Starting at the line with "niigata9.jpg" and going on through the line with "오리와 함께 바다에가면 생기는 일 | 인스티즈", reproduce each line in the records below exactly and nothing more.

**Supplied information**
· · · · ·

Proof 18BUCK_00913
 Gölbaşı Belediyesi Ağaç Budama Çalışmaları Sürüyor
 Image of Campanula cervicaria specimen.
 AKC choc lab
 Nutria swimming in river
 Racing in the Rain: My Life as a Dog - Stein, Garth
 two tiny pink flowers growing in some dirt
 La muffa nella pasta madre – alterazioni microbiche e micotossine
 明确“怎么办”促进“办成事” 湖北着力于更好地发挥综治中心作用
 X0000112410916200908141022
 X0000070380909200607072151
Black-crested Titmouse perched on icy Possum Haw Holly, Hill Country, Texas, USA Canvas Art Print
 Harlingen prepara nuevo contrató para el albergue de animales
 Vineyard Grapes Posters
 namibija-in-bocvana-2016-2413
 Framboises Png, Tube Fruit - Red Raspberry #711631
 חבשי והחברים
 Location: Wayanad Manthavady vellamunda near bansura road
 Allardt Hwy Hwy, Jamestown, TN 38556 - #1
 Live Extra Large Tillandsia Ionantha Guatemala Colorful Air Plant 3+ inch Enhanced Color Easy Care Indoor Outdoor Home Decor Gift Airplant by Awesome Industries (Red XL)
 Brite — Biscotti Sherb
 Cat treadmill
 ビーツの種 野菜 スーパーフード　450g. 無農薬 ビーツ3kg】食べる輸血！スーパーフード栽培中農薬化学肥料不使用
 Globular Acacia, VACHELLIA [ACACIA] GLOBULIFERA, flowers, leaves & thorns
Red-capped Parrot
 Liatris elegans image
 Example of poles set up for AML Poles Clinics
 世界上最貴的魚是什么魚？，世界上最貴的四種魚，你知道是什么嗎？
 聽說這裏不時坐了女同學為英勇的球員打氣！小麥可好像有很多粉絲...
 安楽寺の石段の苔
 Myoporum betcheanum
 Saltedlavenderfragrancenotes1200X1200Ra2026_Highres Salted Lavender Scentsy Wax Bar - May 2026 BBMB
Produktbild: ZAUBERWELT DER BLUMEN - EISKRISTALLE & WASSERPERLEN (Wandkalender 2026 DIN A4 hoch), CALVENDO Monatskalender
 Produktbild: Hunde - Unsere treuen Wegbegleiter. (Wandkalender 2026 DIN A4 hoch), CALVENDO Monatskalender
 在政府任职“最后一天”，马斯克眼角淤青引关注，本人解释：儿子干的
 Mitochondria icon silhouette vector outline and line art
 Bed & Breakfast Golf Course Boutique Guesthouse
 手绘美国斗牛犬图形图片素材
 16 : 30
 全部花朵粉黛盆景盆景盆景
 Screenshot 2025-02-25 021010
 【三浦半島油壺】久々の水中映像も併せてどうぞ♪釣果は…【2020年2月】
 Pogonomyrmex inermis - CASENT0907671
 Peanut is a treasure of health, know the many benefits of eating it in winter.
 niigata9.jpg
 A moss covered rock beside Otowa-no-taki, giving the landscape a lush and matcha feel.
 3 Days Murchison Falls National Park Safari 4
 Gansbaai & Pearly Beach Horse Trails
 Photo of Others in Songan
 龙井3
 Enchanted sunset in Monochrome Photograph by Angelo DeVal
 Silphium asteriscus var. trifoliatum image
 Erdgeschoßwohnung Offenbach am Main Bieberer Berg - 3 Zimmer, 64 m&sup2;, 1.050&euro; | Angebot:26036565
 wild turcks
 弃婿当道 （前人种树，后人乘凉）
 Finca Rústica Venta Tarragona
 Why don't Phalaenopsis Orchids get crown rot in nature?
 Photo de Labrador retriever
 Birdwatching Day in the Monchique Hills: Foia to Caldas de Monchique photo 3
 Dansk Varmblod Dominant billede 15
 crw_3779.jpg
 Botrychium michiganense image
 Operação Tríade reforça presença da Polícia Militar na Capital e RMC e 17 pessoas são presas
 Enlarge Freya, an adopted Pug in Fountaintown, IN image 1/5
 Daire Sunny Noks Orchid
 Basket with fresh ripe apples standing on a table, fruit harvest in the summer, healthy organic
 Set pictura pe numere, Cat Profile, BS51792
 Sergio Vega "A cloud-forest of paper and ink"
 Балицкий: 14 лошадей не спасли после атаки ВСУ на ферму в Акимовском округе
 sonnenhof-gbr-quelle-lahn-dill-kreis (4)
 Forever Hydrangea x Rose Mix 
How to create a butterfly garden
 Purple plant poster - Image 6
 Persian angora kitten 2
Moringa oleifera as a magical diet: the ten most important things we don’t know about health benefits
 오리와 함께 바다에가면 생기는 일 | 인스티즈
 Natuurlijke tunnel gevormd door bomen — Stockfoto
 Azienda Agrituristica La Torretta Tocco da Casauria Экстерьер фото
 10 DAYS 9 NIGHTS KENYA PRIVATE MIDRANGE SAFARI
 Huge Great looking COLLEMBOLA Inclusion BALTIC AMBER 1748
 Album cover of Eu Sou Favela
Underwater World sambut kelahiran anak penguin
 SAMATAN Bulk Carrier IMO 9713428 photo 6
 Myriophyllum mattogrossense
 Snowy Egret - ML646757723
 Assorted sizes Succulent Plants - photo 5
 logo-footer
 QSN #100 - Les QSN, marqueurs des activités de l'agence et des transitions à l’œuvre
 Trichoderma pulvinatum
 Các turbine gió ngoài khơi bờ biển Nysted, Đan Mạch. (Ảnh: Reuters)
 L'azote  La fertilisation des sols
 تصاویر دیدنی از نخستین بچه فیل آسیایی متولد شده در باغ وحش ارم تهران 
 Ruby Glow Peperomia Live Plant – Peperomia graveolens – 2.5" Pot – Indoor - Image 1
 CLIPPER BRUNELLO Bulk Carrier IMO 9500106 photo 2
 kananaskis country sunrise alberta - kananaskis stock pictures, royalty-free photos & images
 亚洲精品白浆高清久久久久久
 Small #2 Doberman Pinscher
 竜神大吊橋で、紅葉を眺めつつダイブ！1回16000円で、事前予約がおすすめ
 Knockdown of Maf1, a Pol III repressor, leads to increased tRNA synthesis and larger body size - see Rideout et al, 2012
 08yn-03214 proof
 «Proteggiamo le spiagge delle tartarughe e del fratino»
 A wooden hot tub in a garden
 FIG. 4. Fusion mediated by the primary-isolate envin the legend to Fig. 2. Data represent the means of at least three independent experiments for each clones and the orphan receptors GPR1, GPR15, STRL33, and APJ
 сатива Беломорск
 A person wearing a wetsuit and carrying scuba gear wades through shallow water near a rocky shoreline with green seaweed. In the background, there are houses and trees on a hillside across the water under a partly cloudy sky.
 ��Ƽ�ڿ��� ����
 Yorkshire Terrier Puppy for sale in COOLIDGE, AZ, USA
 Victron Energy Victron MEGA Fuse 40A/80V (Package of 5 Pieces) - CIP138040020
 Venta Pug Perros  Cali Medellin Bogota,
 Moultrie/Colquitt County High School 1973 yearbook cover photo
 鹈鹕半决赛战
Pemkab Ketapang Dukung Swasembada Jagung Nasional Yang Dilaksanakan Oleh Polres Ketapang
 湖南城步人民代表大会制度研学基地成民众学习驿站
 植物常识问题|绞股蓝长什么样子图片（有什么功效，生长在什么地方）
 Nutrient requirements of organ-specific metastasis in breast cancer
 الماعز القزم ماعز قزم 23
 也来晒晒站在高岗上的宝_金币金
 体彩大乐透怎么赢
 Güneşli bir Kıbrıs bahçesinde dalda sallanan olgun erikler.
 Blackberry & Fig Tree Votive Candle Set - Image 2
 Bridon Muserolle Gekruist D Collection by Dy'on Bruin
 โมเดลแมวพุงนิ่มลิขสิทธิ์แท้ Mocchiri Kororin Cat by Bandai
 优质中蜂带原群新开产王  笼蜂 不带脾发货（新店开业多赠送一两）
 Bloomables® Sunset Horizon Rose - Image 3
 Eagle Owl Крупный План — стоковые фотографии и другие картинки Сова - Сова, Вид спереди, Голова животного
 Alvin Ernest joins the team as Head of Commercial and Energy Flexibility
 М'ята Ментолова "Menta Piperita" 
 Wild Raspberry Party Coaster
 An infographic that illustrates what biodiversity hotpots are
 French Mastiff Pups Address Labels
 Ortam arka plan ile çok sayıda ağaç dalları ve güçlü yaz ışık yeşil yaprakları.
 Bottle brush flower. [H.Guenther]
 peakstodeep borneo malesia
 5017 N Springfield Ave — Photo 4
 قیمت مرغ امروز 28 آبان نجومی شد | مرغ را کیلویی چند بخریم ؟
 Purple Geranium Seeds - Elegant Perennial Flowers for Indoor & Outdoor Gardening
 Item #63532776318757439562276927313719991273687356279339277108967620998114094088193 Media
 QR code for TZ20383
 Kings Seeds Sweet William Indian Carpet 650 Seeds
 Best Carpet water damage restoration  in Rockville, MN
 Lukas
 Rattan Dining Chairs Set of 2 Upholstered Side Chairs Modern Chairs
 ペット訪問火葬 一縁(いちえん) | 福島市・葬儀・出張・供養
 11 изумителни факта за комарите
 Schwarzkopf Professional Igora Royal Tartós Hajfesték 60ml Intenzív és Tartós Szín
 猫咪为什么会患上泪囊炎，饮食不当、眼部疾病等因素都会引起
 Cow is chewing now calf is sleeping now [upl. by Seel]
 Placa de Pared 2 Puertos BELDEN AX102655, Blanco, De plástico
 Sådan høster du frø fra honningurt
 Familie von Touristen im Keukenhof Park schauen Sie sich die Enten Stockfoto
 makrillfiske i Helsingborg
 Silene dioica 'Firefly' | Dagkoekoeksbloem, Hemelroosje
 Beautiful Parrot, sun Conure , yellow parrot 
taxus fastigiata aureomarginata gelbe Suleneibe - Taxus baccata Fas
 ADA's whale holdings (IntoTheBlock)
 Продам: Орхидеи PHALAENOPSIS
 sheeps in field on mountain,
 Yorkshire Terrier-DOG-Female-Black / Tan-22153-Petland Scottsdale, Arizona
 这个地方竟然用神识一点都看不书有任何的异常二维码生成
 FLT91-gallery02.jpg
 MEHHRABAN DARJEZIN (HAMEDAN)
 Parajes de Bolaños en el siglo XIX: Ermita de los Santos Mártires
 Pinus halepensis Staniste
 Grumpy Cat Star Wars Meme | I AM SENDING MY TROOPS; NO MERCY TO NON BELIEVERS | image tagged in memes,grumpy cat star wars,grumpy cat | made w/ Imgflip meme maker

· · · · ·

**Solution**
 niigata9.jpg
 A moss covered rock beside Otowa-no-taki, giving the landscape a lush and matcha feel.
 3 Days Murchison Falls National Park Safari 4
 Gansbaai & Pearly Beach Horse Trails
 Photo of Others in Songan
 龙井3
 Enchanted sunset in Monochrome Photograph by Angelo DeVal
 Silphium asteriscus var. trifoliatum image
 Erdgeschoßwohnung Offenbach am Main Bieberer Berg - 3 Zimmer, 64 m&sup2;, 1.050&euro; | Angebot:26036565
 wild turcks
 弃婿当道 （前人种树，后人乘凉）
 Finca Rústica Venta Tarragona
 Why don't Phalaenopsis Orchids get crown rot in nature?
 Photo de Labrador retriever
 Birdwatching Day in the Monchique Hills: Foia to Caldas de Monchique photo 3
 Dansk Varmblod Dominant billede 15
 crw_3779.jpg
 Botrychium michiganense image
 Operação Tríade reforça presença da Polícia Militar na Capital e RMC e 17 pessoas são presas
 Enlarge Freya, an adopted Pug in Fountaintown, IN image 1/5
 Daire Sunny Noks Orchid
 Basket with fresh ripe apples standing on a table, fruit harvest in the summer, healthy organic
 Set pictura pe numere, Cat Profile, BS51792
 Sergio Vega "A cloud-forest of paper and ink"
 Балицкий: 14 лошадей не спасли после атаки ВСУ на ферму в Акимовском округе
 sonnenhof-gbr-quelle-lahn-dill-kreis (4)
 Forever Hydrangea x Rose Mix 
How to create a butterfly garden
 Purple plant poster - Image 6
 Persian angora kitten 2
Moringa oleifera as a magical diet: the ten most important things we don’t know about health benefits
 오리와 함께 바다에가면 생기는 일 | 인스티즈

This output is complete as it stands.